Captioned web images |
----

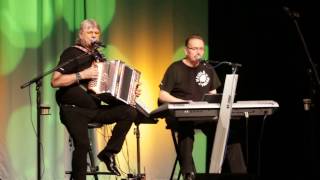 Koncert Veselá trojka - 30.4.2017 Koncert Veselá trojka - 30.4.2017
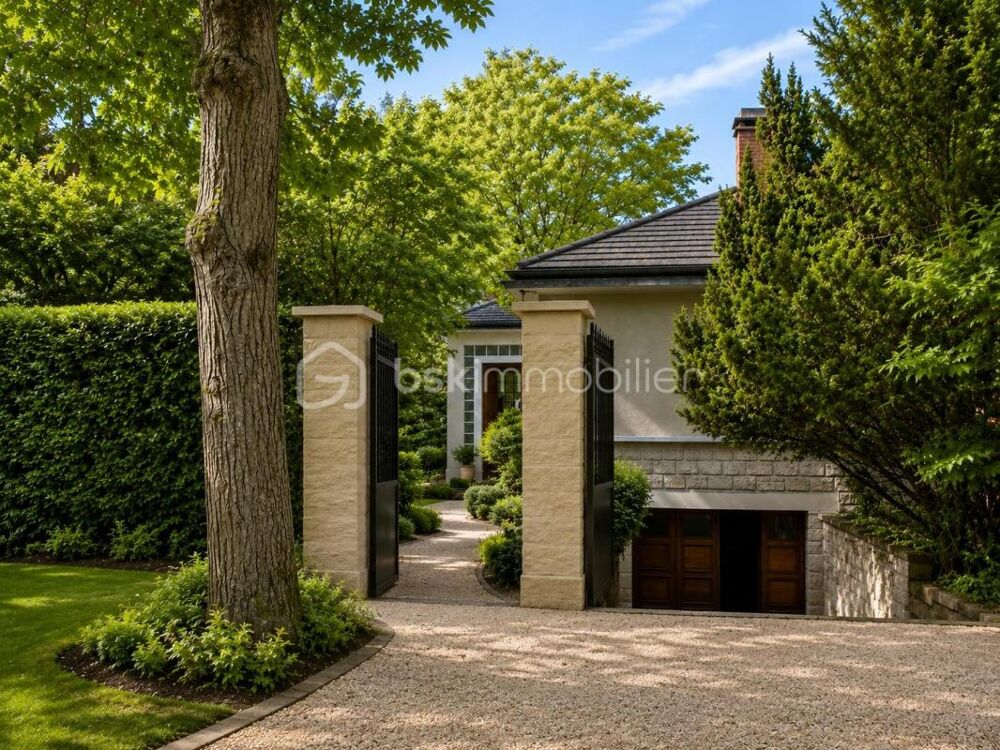 à vendre  Propriété/château Rueil-Malmaison (92500)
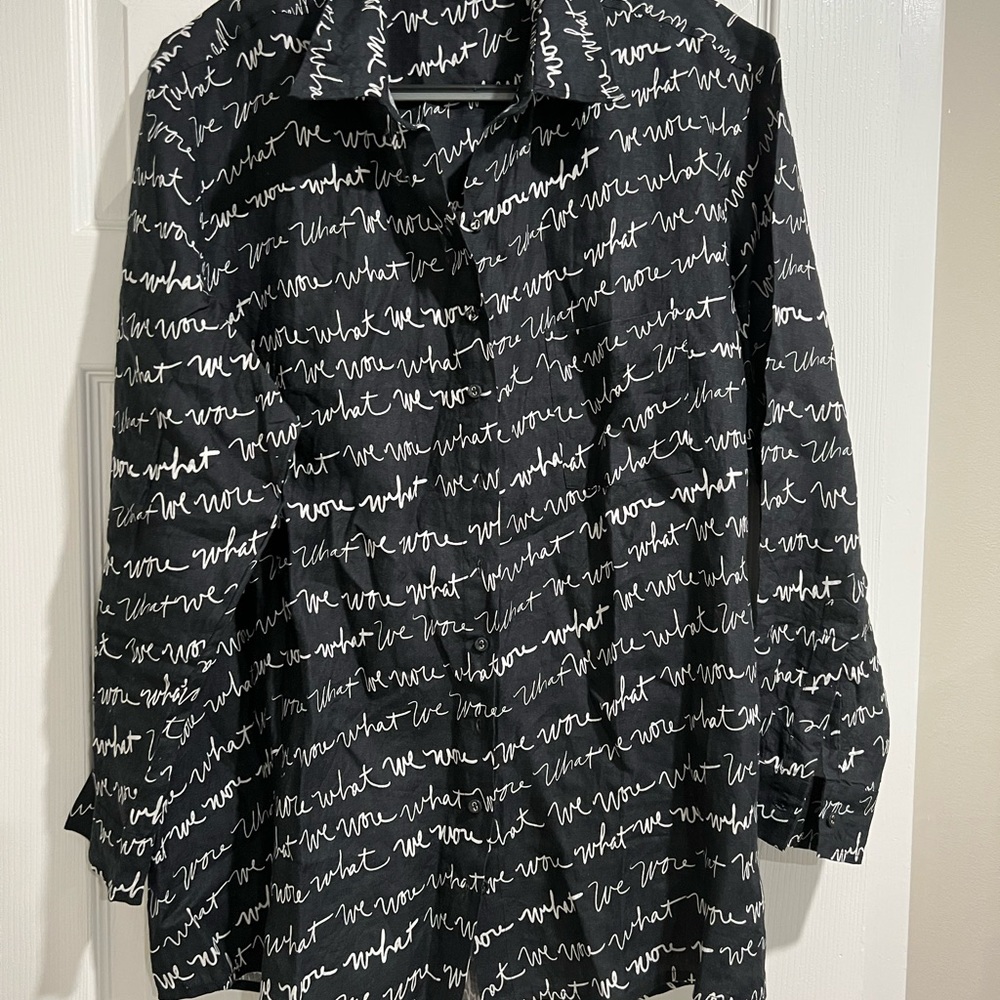 Black Script-Print Button-Front Women's Shirt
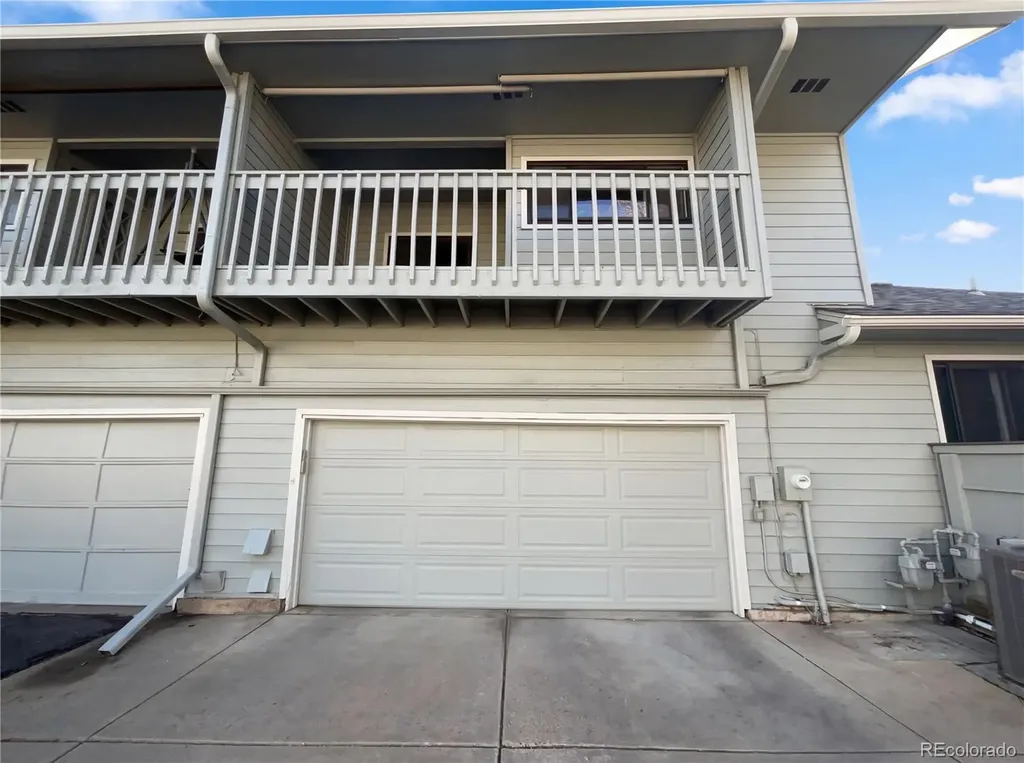 3075 E Long Circle Centennial CO 80122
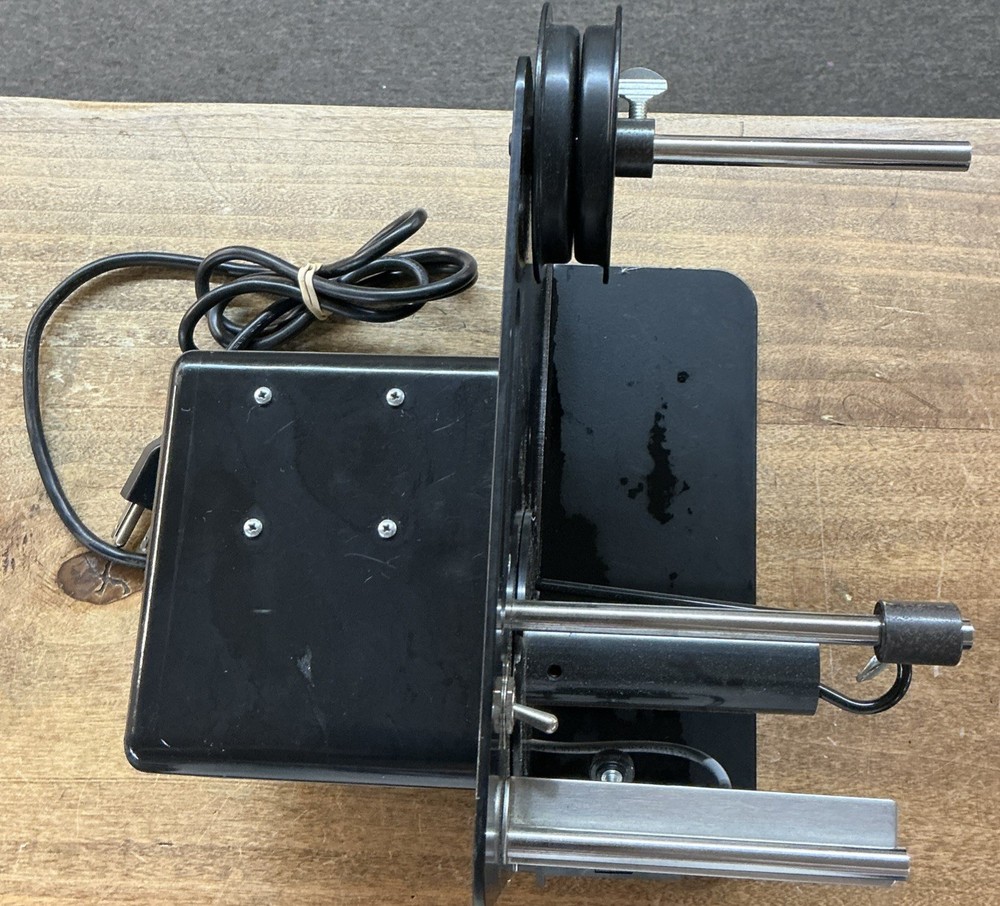 Uline H-1276 Label Maker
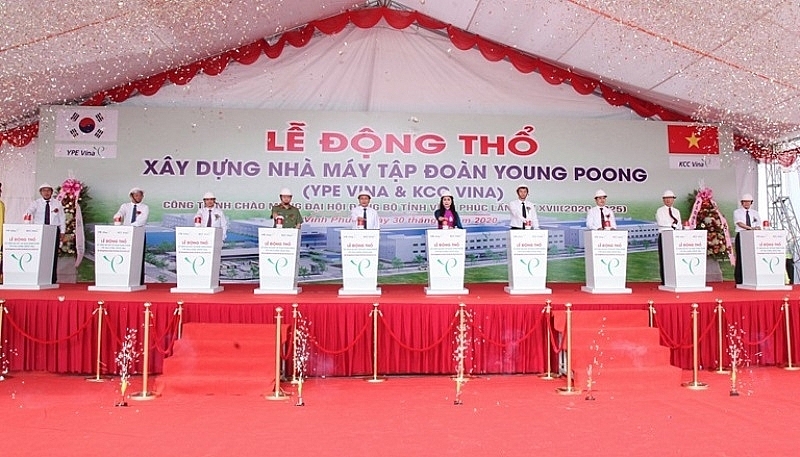 Tập đoàn Young Poong cùng các đại biểu ấn nút chính thức động thổ dự án xây dựng nhà máy Khu công nghiệp Đồng Sóc.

----

Repeat the records above word for word, apart from the pictures.

 Koncert Veselá trojka - 30.4.2017 Koncert Veselá trojka - 30.4.2017
 à vendre  Propriété/château Rueil-Malmaison (92500)
 Black Script-Print Button-Front Women's Shirt
 3075 E Long Circle Centennial CO 80122
 Uline H-1276 Label Maker
 Tập đoàn Young Poong cùng các đại biểu ấn nút chính thức động thổ dự án xây dựng nhà máy Khu công nghiệp Đồng Sóc.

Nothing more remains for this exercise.